BHOPAL: Health department records show that the numbers of dengue cases are on rise in Madhya Pradesh. The state reported 6,500 dengue cases and of these 50 per cent are children. Beds in Public hospitals are fully occupied as patients there is a regular influx of patients suffering from dengue and viral fever. Children constitute the maximum number of patients undergoing treatment in hospitals. More than one patient is sharing a bed in government-run hospitals.
Mandsaur and Ratlam continue to be dengue hotspots in the state. With 1200 cases, Mandsaur leads the tally of worst hit districts in the state followed by Ratlam which has so far reported over 800 cases. Jabalpur stands at third position with 700 dengue cases. Gangue figures in Gwalior and Indore stand at around 500, while Bhopal – in the 5th position, has reported 400 cases so far. As many as 31 districts of the state are majorly contributing to the state dengue tally.
According to a doctor, who attended video conferencing over dengue cases on Tuesday, the around 48 % to 50 % of the total dengue patients are children.
“With the ever passing day the situation is deteriorating in the state. Bhopal alone has reported 400 dengue cases and here over 51 per cent of dengue infected patients are children,” said the doctor.
Dengue Fever (DF) – marked by an onset of sudden high fever, severe headache, pain behind the eyes, and pain in muscles and joints. Some may also have a rash and varying degree of bleeding from various parts of the body (including nose, mouth and gums or skin bruising).Dengue has a wide spectrum of infection outcome (asymptomatic to symptomatic). Symptomatic illness can vary from dengue fever (DF) to the more serious dengue hemorrhagic fever (DHF).

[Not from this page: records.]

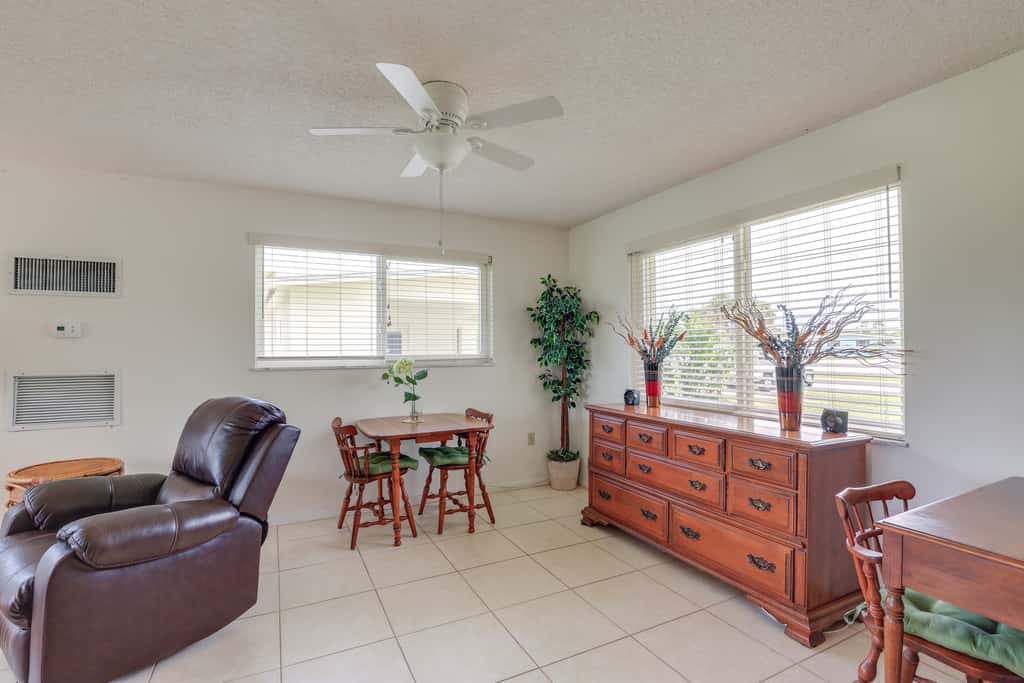 Sunny Port St Lucie Home: Lanai & Golf Course View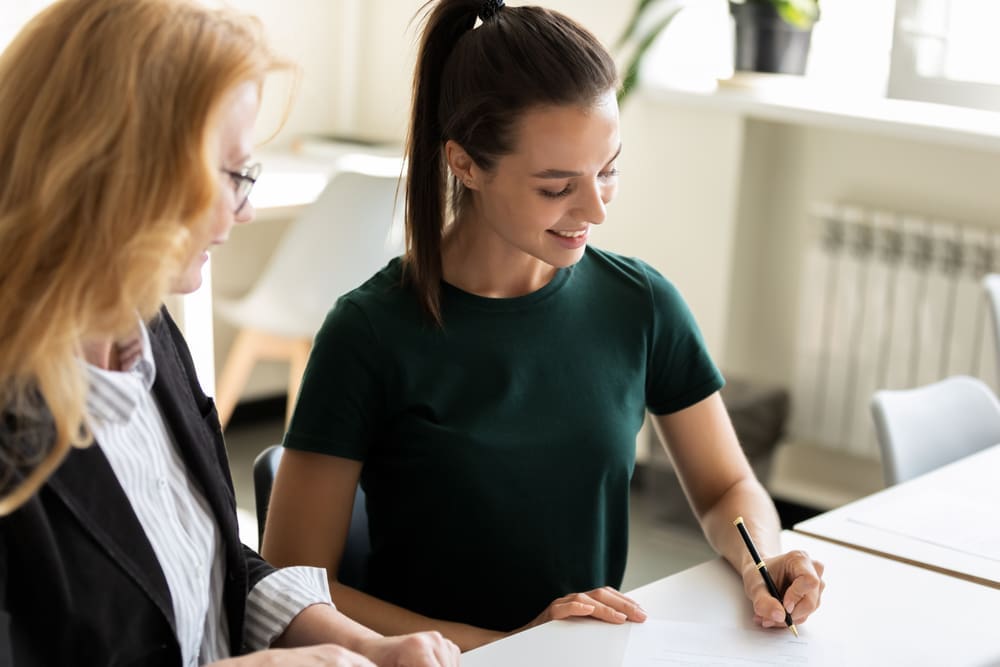 Advantages & disadvantages of loan notes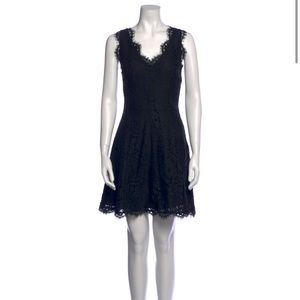 JOIE
Lace Pattern Mini Dress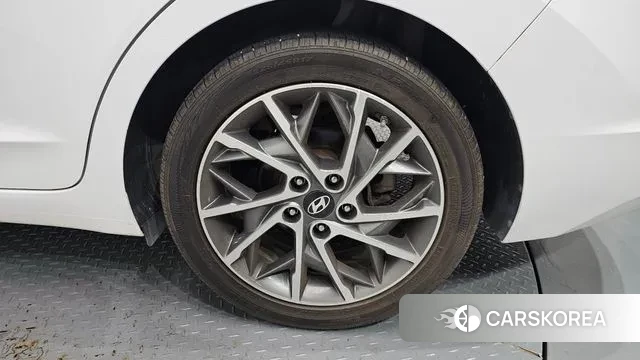 Hyundai The New Avante AD id 2991169 из Кореи 15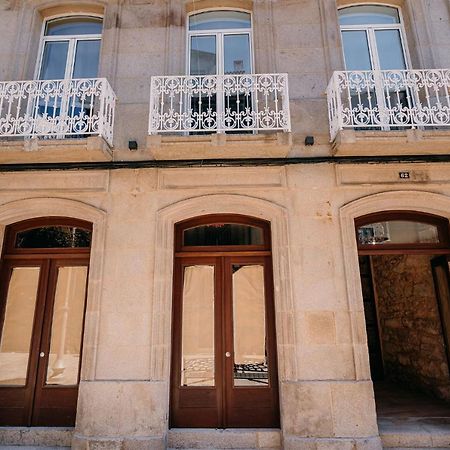 Apartamentos Rua Vella Caldas De Reis Exteriör bild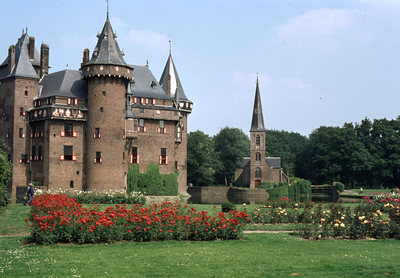 845707 Gezicht op het Kasteel De Haar (Kasteellaan 1) te Haarzuilens (gemeente Vleuten-De Meern).
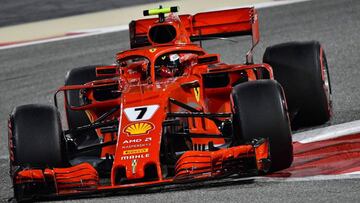 Kimi Raikkonen, con el Ferrari en los Libres 2 del GP de Bahrain 2018 de F1. 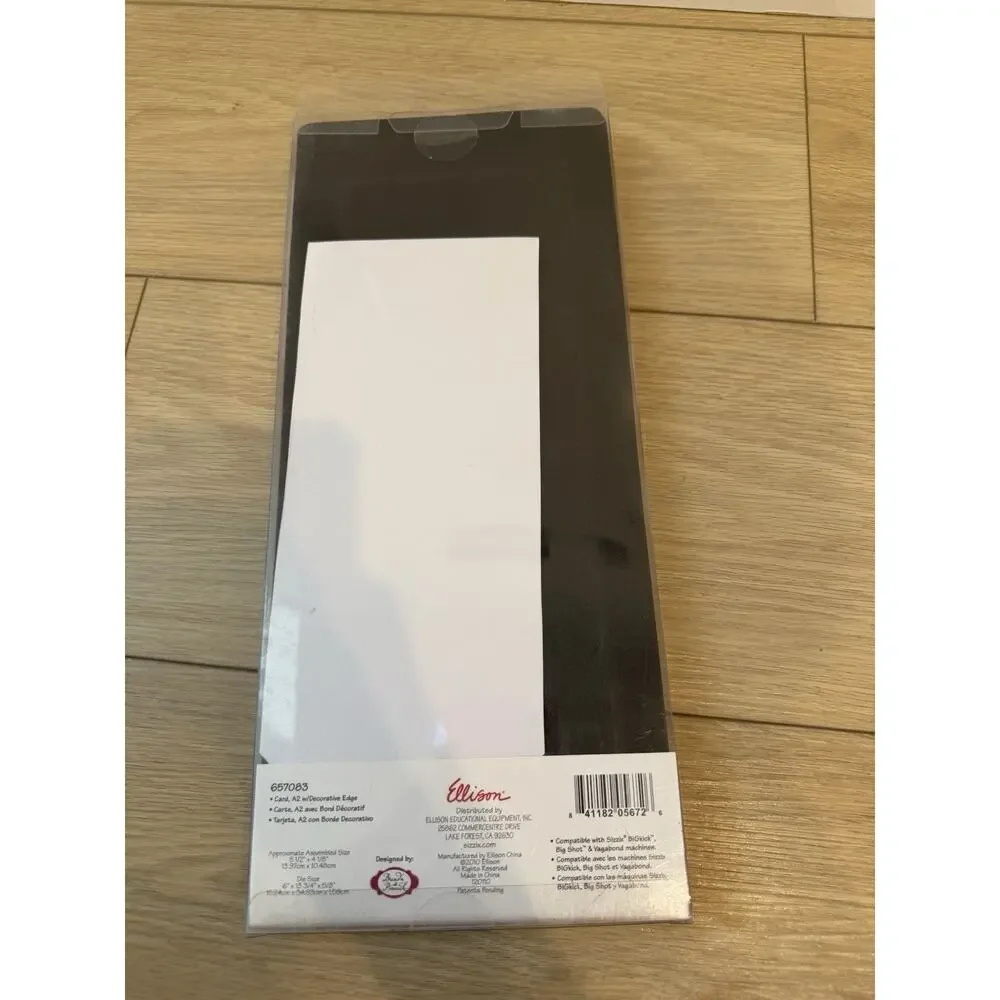 Sizzix A2 Card with Decorative Edge #657083 Approx Size 5 1/2 x 4 1/8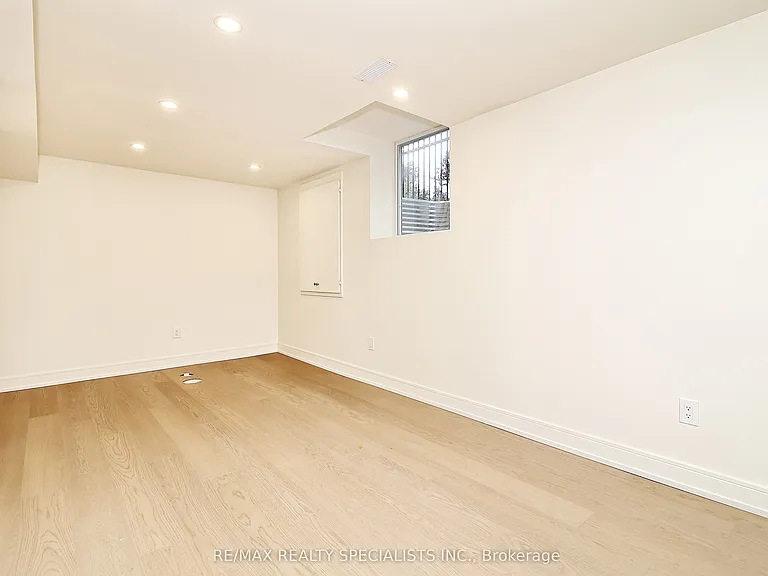 5815 Rainspring Dr — Photo 15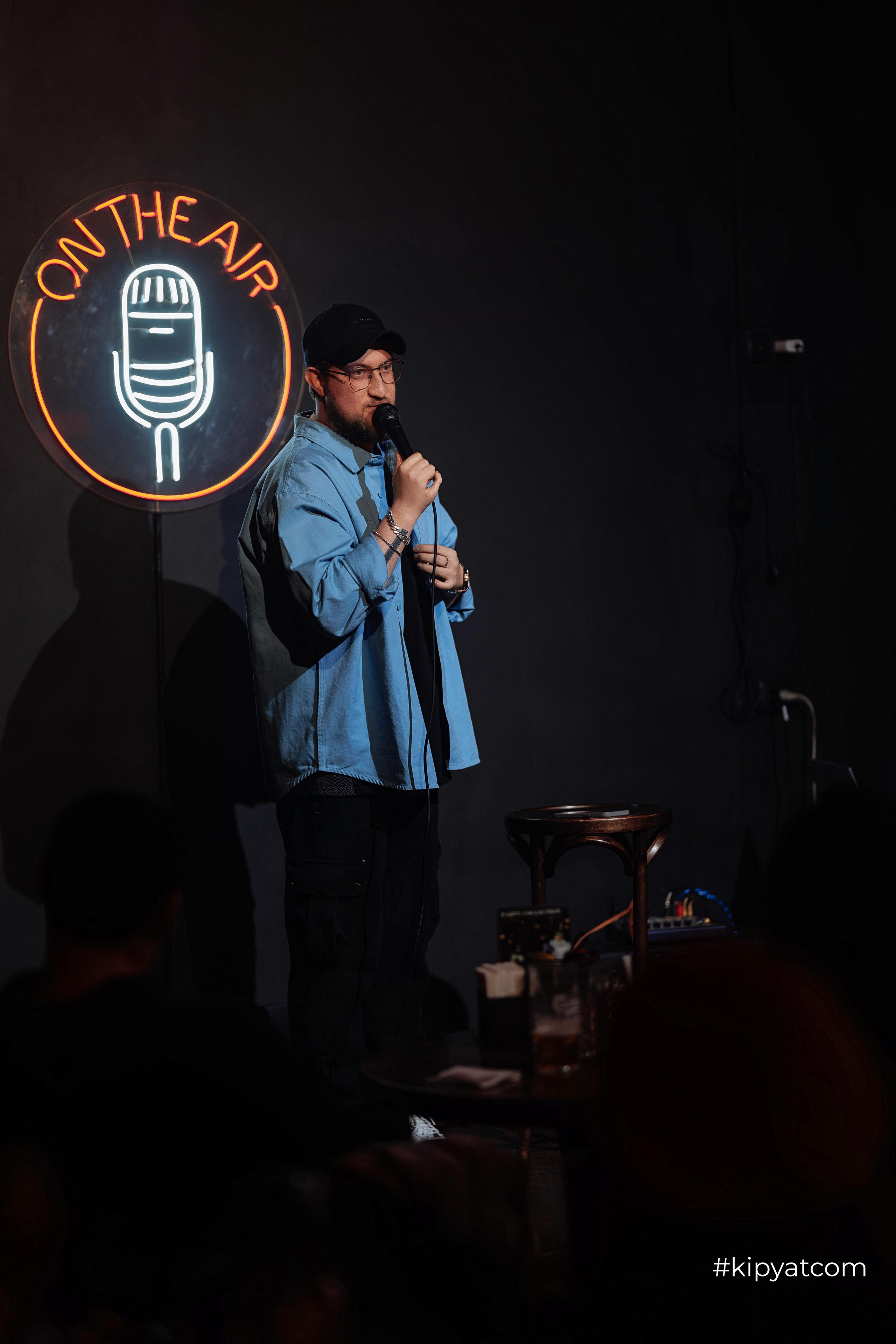 Сольный стендап концерт Александра Меркуль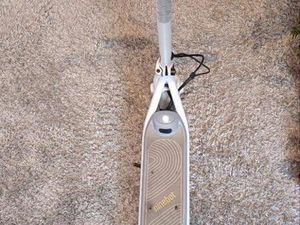 SEGWAY-NINEBOT E SCOOTER E ROLLER KINDER.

Dengue Hemorrhagic Fever (DHF) – is a more severe form, seen only in a small proportion of those infected. DHF is a stereotypic illness characterized by 3 phases; febrile phase with high continuous fever usually lasting for less than 7 days; critical phase (plasma leaking) lasting 1-2 days usually apparent when fever comes down, leading to shock if not detected and treated early.